- **Task details**
When you reach the line in the data below that contains "Shaman Girl chapter 14 page 4", please start repeating lines exactly, and stop after the line that contains "Auberge de jeunesse", repeating nothing else.

- **Source data**
#####

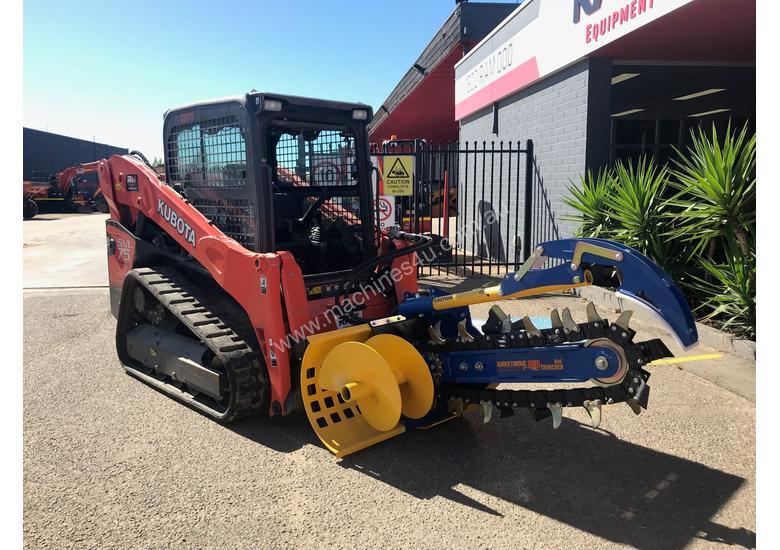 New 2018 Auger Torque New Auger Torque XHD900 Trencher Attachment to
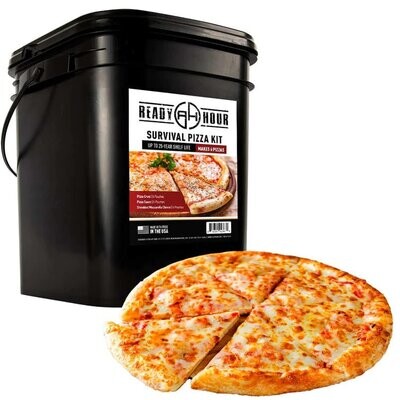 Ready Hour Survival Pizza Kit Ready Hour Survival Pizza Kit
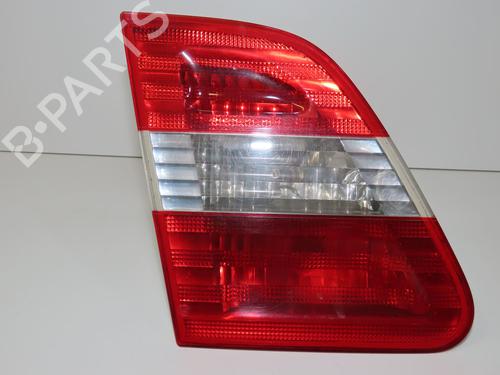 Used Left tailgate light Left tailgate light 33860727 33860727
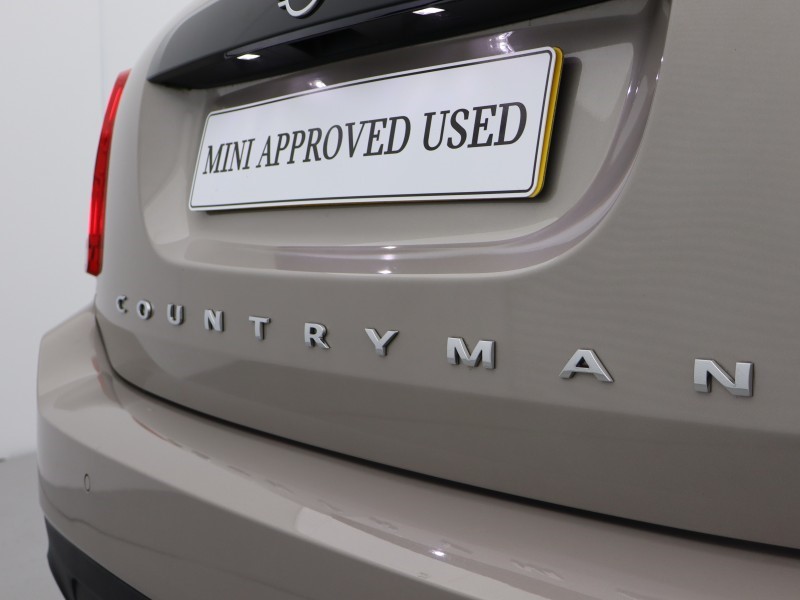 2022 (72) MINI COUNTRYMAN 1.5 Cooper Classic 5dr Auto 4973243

#####

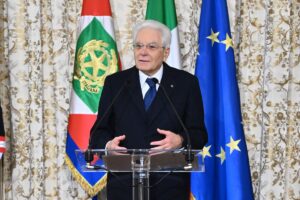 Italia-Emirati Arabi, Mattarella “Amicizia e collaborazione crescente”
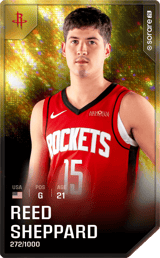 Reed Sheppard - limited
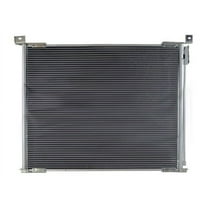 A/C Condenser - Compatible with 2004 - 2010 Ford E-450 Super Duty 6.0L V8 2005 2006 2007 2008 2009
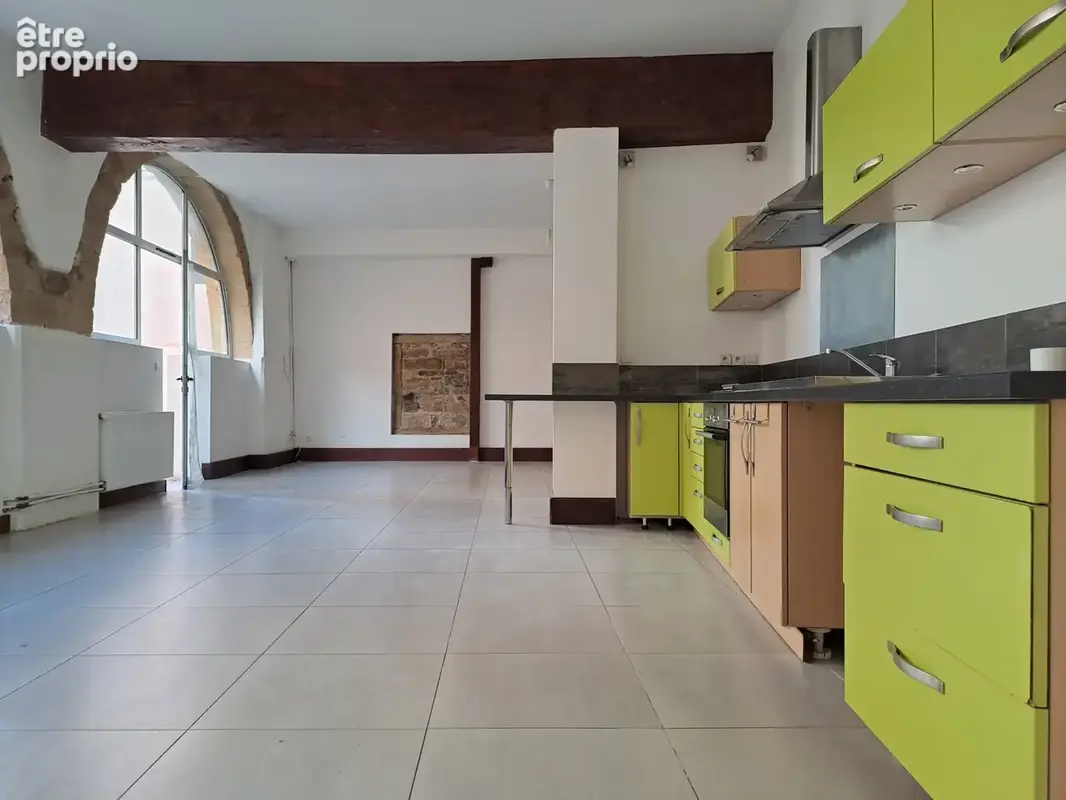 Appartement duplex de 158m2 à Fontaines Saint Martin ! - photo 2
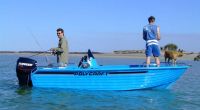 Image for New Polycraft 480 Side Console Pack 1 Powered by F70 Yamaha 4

#####

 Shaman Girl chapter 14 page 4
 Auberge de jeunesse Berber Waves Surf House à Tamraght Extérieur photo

#####

- **Output of the exercise**
 Shaman Girl chapter 14 page 4
 Auberge de jeunesse Berber Waves Surf House à Tamraght Extérieur photo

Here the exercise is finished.